I rang the Brighton Argus yesterday and spoke to Jakki Phillips, the Features Editor. It's three weeks since the closing date for the Entertainment Writer job, and I'd heard nothing, despite e-mailing them 12 days ago. Jakki may not answer her e-mails, but fortunately she picks up the phone. She doesn't like to stay on it long though. I asked her about the job and she told me the position's been filled. So I politely asked if she can give me any information as to why my application wasn't successful. She said "No, we don't give personal feedback".
So that's all very helpful. If she ever gets the sack, I'm sure there's a career out there for her in customer services.
The irony is that the Argus could clearly do with a bit of help. Last Friday's issue of The Guide (the weekly pull-out entertainment section I'd applied to work on) featured Ricky Gervais on the cover, by dint of the fact that he was performing at the Brighton Centre this week. The 'Welcome' section on the inside page boasted that "our dapper cover star tells The Guide about his bizarre life in the limelight", and directed readers to the centre pages where Xenia Gregoriadis, their main entertainment writer, had produced a two-page spread on Mr Gervais. The heading stated "his new stand-up show deals with fame and all its trappings, as he tells The Guide", before reproducing a detailed interview with the man himself.
Quite impressive. Well done Xenia. Unfortunately Ricky Gervais hasn't actually told The Guide anything. Heck, he's probably never even heard of The Guide.
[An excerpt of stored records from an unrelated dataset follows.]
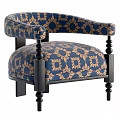 Ornate Blue And Gold Floral Pattern Armchair With Black Wooden Arms And Legs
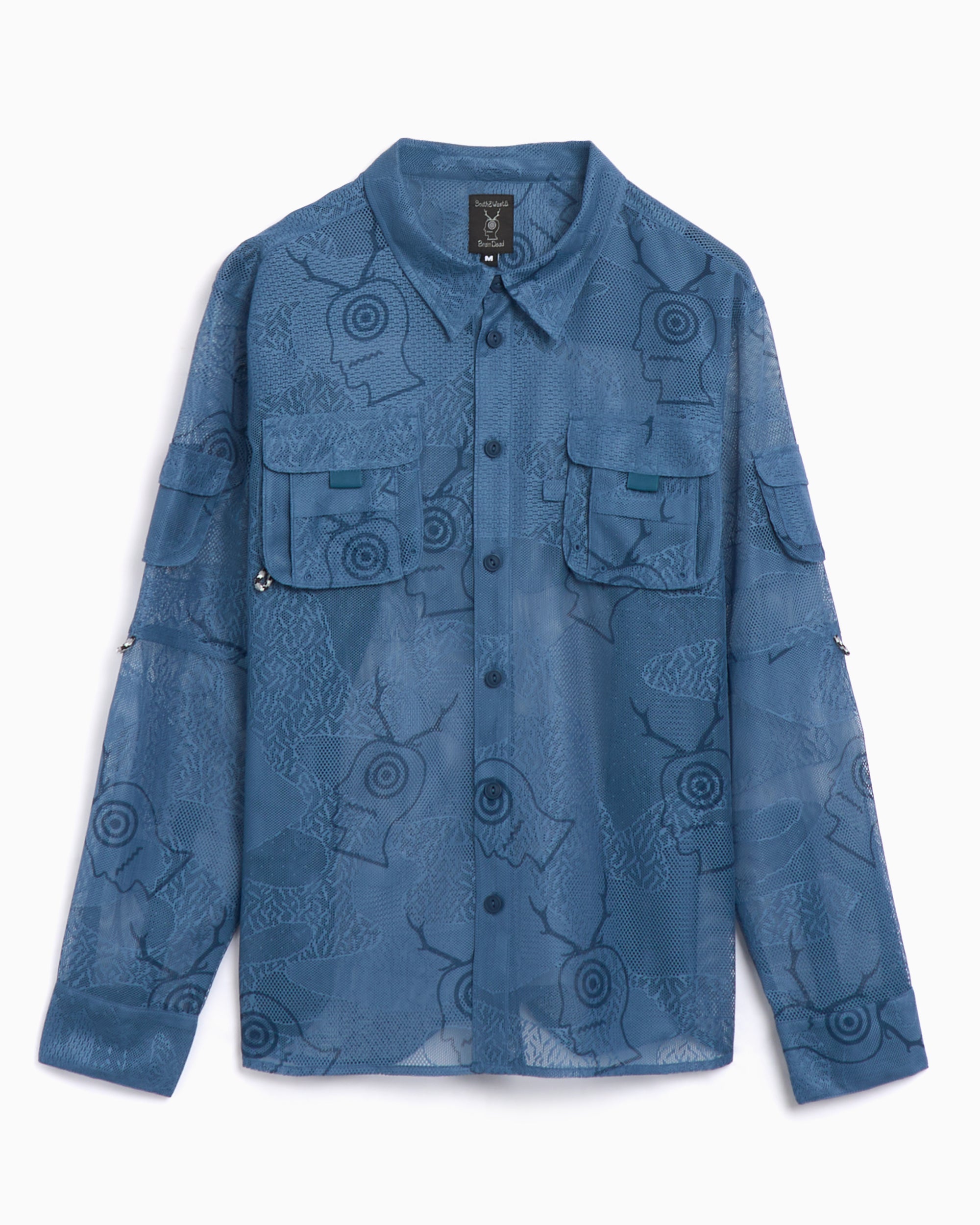 Shirts Brain Dead x South2 West8 Men's Engineered Mesh Fishing Shirt Relaxed Men's Shirt - BDP24T240040-SLATE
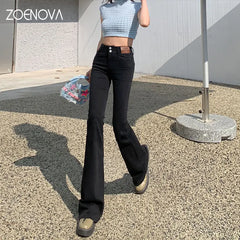 Y2K 2023 Beautiful Bell Bottoms Xshape Women Full Length Jeans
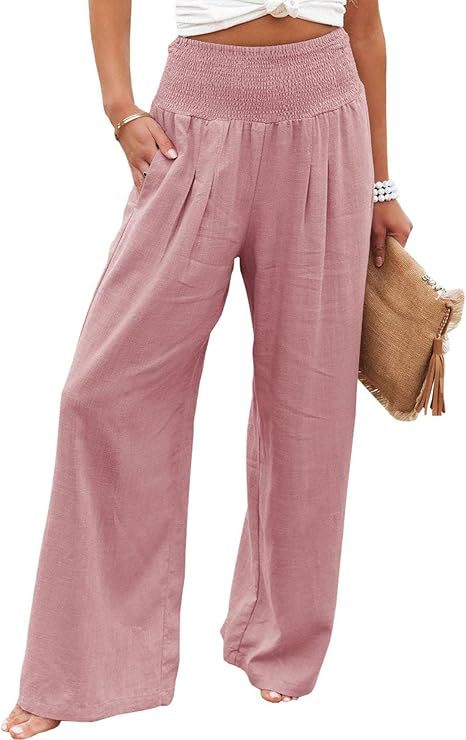 Picture of 2025 Amazon Women's Linen Pants High Waist Trousers Wide Leg Flowing Pants Beach Vacation Wear Casual Wear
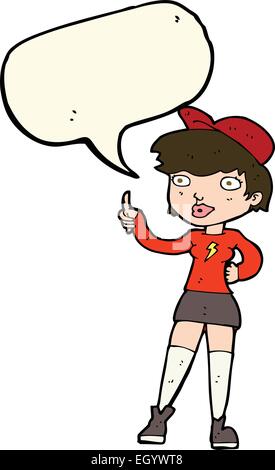 Cartoon-Skater-Girl geben Daumen nach oben Symbol mit Sprechblase Stock Vektor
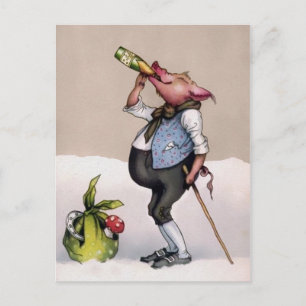 Vintage Pig Drinking Postcard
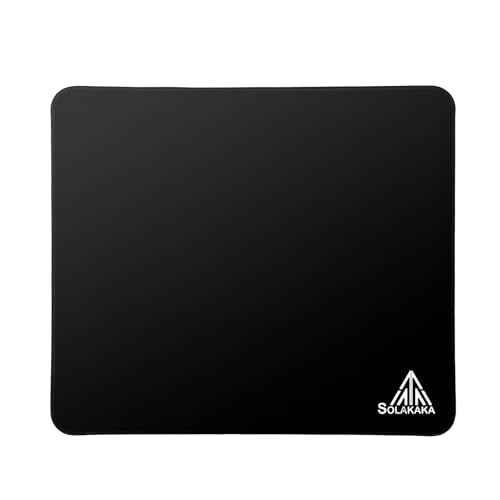 Image of SOLAKAKA EP9 Black Gaming Mouse Pad- 4MM Thick 17.7 inchx15.7 inch (450x400mm) Large Mouse Pad, Micro-Woven Precision Surface, Non-Slip Rubber Base, Stitched Edge- FPS,MOBAs,RTS,MMO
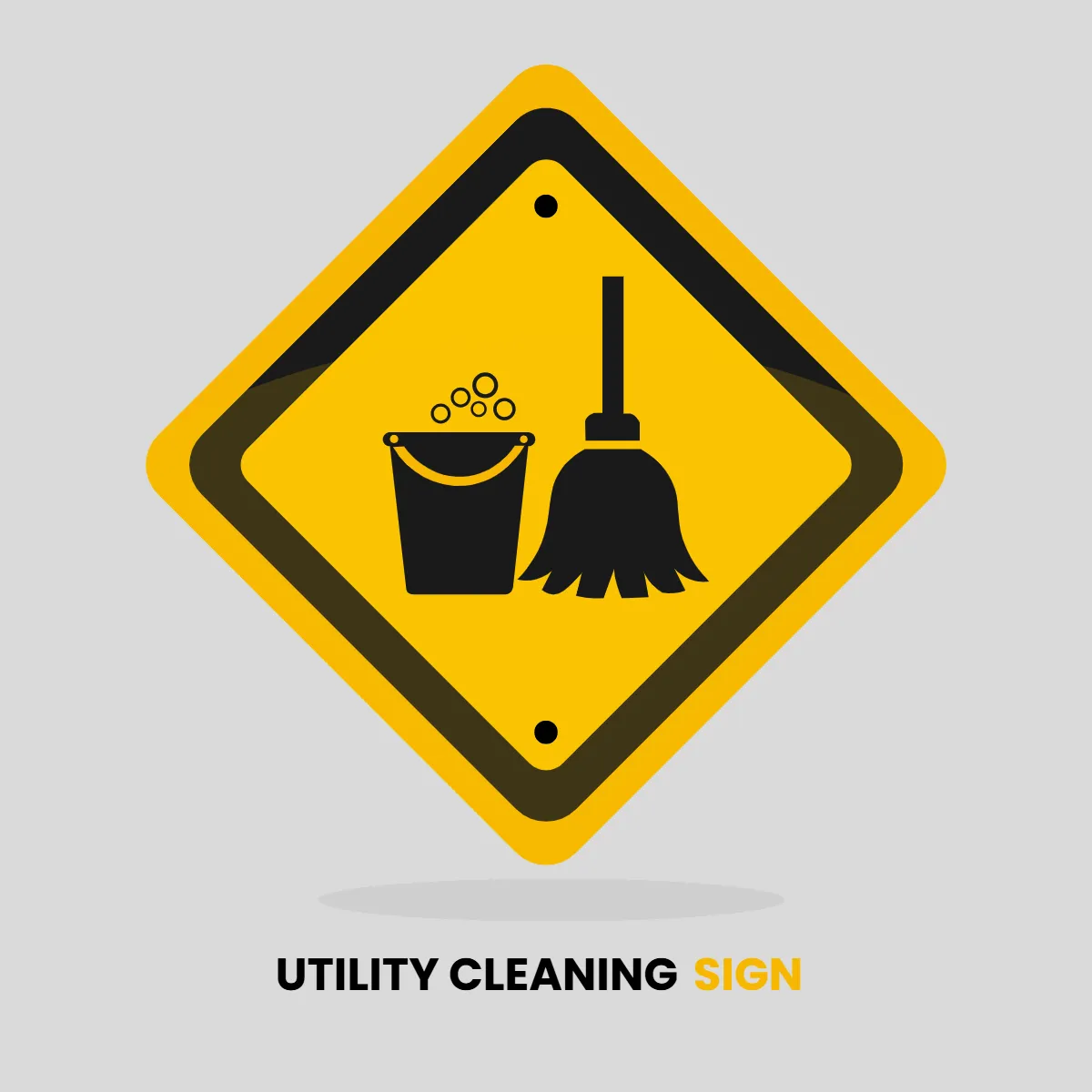 Free Utility Cleaning Sign Clip Art Template to Edit Online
Because despite claiming she has a direct line to Ricky's thoughts, Xenia has just lifted every quote, word for word, from an interview by James Rampton of The Independent.
Needless to say James doesn't get credited anywhere, but then you can't really credit your source if you're claiming you wrote it yourself.
The job advert for the Entertainment Writer position asked "Could you secure an exclusive interview with The Kooks?". They should have added "Because we clearly can't". The irony is that if they'd asked "Can you sit in front of the internet all day plagiarising other journalists' work, instead of writing anything new?" I probably wouldn't have applied.